The main outcome measure was whether the landlord replied indicating that the apartment was still available (as contrasted with not replying at all or responding that it was not available). In the ‘control’ condition (no mention of criminal justice involvement) 68% of the inquiries resulted in the landlord indicating that the apartment was available. Only 27% of those with an ordinary criminal record were told by their potential Canadian landlord that the apartment was available. Interestingly, even fewer (18%) of those who said that they had a criminal record but had been exonerated were offered an opportunity to look at the apartment. The pattern of the effects was similar across the three race/ethnicity groups. However, there was an overall effect of race in that Indigenous applicants were less likely to receive a positive response from landlords than White applicants (33% positive replies for Indigenous applicants vs. 42% positive replies for White applicant). Black applicants were between these two groups (39%) and were not significantly different from either. The basic finding on criminal record was replicated in a second experiment carried out only in Toronto.
Conclusion: Admitting to having a criminal record, even when also reporting that one has been exonerated, makes it dramatically less likely that one will be able to rent an ordinary apartment.

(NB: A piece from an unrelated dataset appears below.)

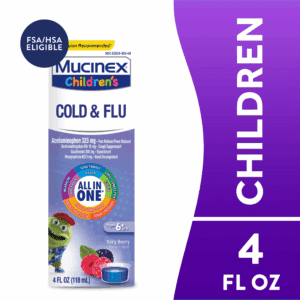 Children'S Cold and Flu Cough OTC Medicine for Kids, Very Berry Flavor Liquid, 4 Fl Oz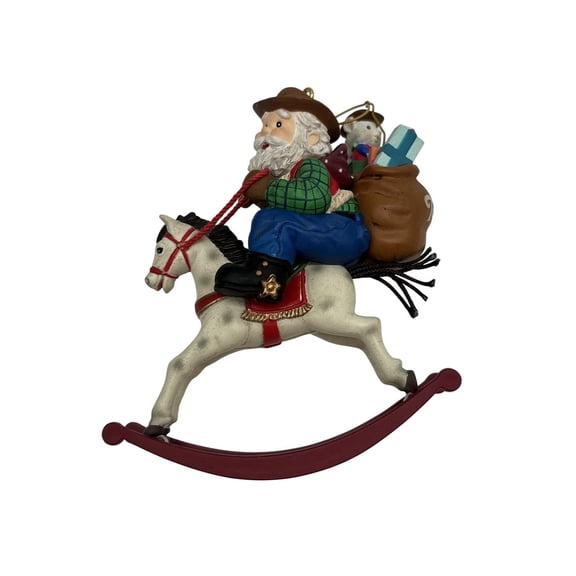 Vintage 1994 Rockin Ranger (Santa on Rocking Horse) Enesco Christmas Tree Ornament 588970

But there is an added disadvantage for those whose names would indicate that they might be Indigenous. It is not surprising, therefore, that reintegration into Canadian society is difficult for those released from prisons, especially in the case of Indigenous former prisoners.
Reference: Zanella, Lesley and 4 others (2020). The Effects of Race and Criminal History on Landlords’ (Un)willingness to Rent to Exonerees. Law and Human Behavior, 44(4), 300-310.